Vaticano – Ventuno milioni di persone vittime della tratta

20.05.2014 12:59

2014-05-16 L’Osservatore Romano

La tratta è, nelle sue varie forme, una emergenza globale, una realtà che divora l’umanità delle persone. Nei Paesi di destinazione le donne, in particolare, vengono spesso considerate e trattate alla stregua dei criminali che lucrano sulla loro persona, e sono punite invece di essere protette. 

Tutti noi siamo chiamati a prendere coscienza di coloro che sono vittime di questo crimine, uomini e donne caduti nella trappola della «cultura dello scarto», che si trovano inghiottiti nella schiavitù e nell’indifferenza delle nostre società. Abbiamo il dovere di dare loro voce, di diffondere la cultura del rispetto dei diritti umani, sensibilizzando a tenere comportamenti responsabili a tutti i livelli, e promovendo azioni concrete e coordinate per aiutare le vittime e prevenire questa piaga.

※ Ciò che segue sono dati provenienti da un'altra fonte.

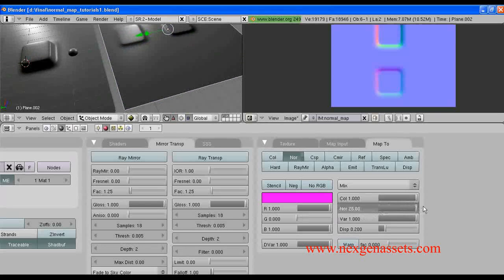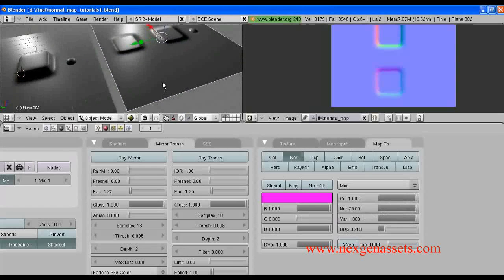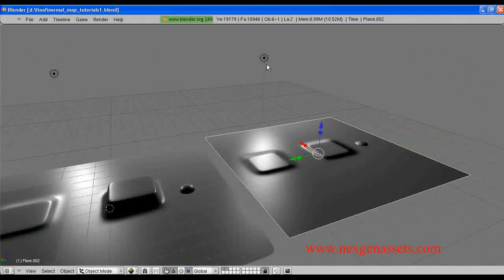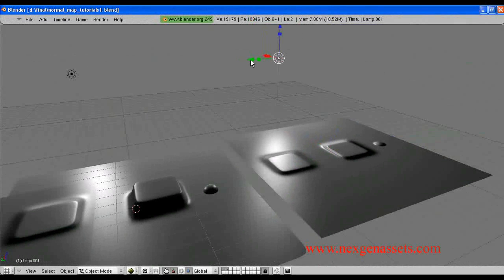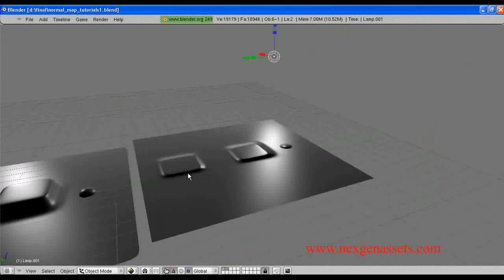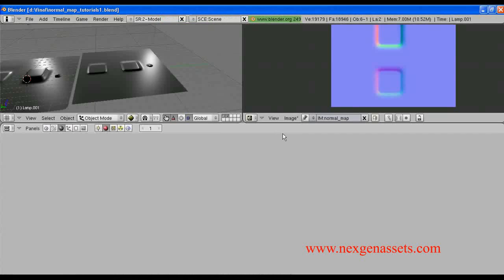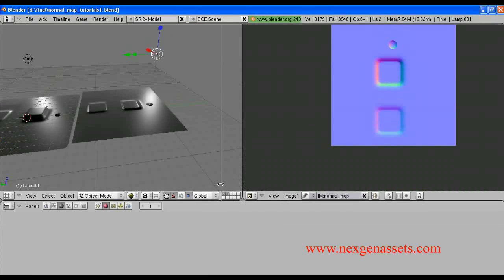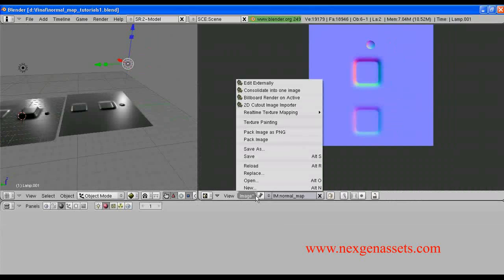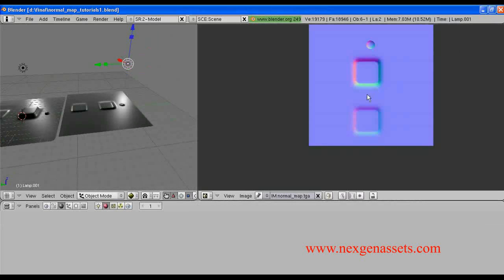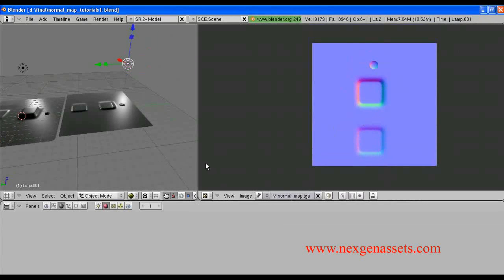And set the normal map value. You can see the normal map detail over here. I will move this slider — you can see. I think it is fine. Now, we can save the normal map and we can use it in game engines or for rendering. So, I am going to save it out — save as image.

Il Pontificio Consiglio della pastorale per i migranti e gli itineranti, tra le sue varie competenze, segue con attenzione la questione della tratta, approfondendone lo studio e incoraggiando gli impegni volti a far conoscere e a combattere questo fenomeno. Sono diverse le iniziative che vedono la Santa Sede in prima linea nella lotta contro questo crimine, come la conferenza internazionale sulla tratta delle persone umane, svoltasi in Vaticano il 9 e il aprile, e l’accordo firmato tra la Santa Sede e altre confessioni religiose, che istituisce il Global Freedom Network, per sradicare le moderne schiavitù. Anche a livello delle Chiese locali e delle congregazioni religiose, non mancano attività ed eventi organizzati in diverse nazioni, tra i quali ricordiamo i programmi «Slave no more» e la rete internazionale «Talità Kum» delle religiose contro la tratta, la giornata di preghiera contro il traffico di vite umane svoltasi a Manila lo scorso dicembre, la già citata campagna di fraternità brasiliana sull tema «È per la libertà che Cristo ci ha liberati», o le vie crucis di solidarietà e preghiera appositamente organizzate.